Characterisation of the ventilatory response to hypoxia in a model of transgenic anemic mice
Introduction
The ventilatory response to hypoxia successively includes the acute ventilatory response to hypoxia, the relative decrease in ventilation (hypoxic ventilatory decline) after some minutes of exposure, and the time-dependent increase in ventilation that occurs with chronic hypoxic exposure of a few hours to several weeks. It is now well known that an increase in the acute hypoxic ventilatory response (HVR) contributes to the ventilatory acclimatization to hypoxia (Bisgard and Neubauer, 1995, Powell et al., 1998, Powell et al., 2000, Reeves et al., 1993).

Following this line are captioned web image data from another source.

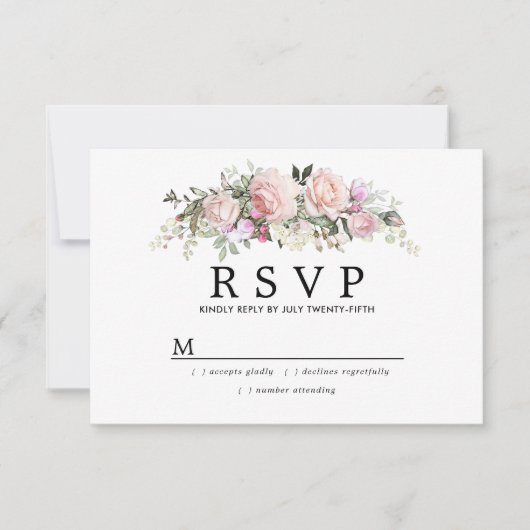 Rustikale Blush Pink Floral Wedding RSVP (Vorderseite)
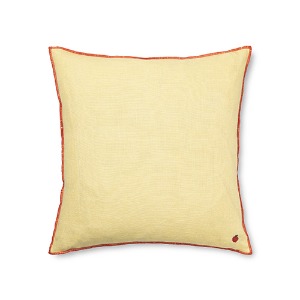 Contrast Linen Cushion Lemon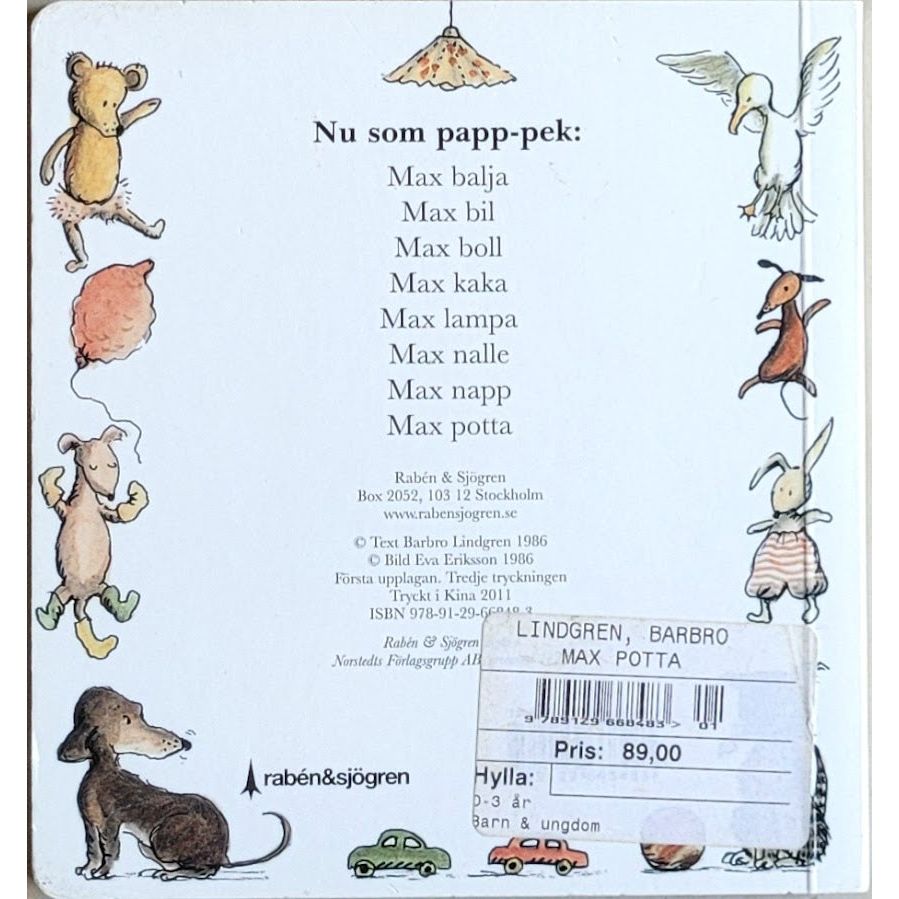 Lindgren, Barbro: Max potta (svensk)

In anemia, a majority of reports indicates an absence of hyperventilation in normoxia (Woodson et al., 1978), or a small increase in ventilation related to the hypotension due to peripheral vasodilatation in hypoxia (Saiki et al., 1994, Sardella and Ou, 1993). The oxygen carrying capacity of the blood is reduced, resulting in tissue hypoxia. Nevertheless at rest in normoxia, oxygen delivery is maintained by an increase in cardiac output and tissue O2 extraction (Gonzalez et al., 1994, Ickx et al., 2000, Kurdak et al., 1995) to preserve oxygen consumption (Ickx et al., 2000, Vaslef et al., 2001). However, it has been also shown a fall in oxygen consumption secondary to acute anemia induced by hemodilution (Kurdak et al., 1995).

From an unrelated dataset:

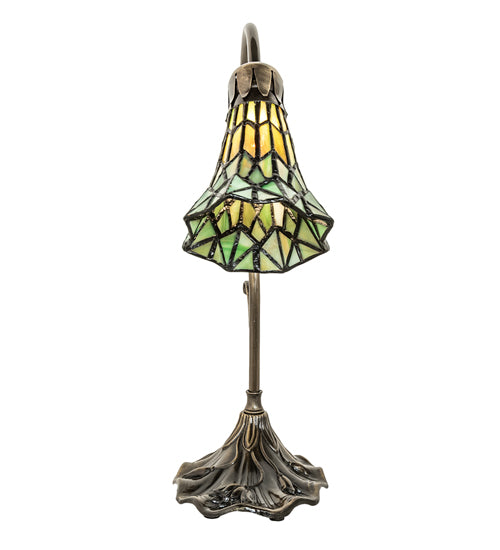 Meyda Tiffany Lighting 251851 Stained Glass Pond Lily One Light Mini Lamp Lamp Brass - Antique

In addition to the constraint of a decrease arterial O2 content (CaO2), exposure to hypoxia adds the constraint of a decrease arterial O2 pressure (PaO2) that triggers integrated responses at the respiratory, cardiovascular and hematological levels.
This study focuses on the time course and effect of acute hypoxic exposure on the ventilatory response in the erythropoietin SV-40 T antigen mouse (Epo-TAgh). This mouse has a targeted disruption in the 5′ untranslated region of the Epo gene that reduces the Epo expression such that the homozygous animal is severely anemic (Binley et al., 2002). The use of the Epo-TAgh allows us to determine the effect of anemia on HVR, without the adverse effects of bleeding or hemodilution.
Polycythemia is considered as an important factor of acclimatization to hypoxia, together with the increase of ventilation. Because, the beneficial role of polycythemia has been questioned, it was of interest to characterise the ventilation pattern and response to hypoxia in a model of chronic anemic mice.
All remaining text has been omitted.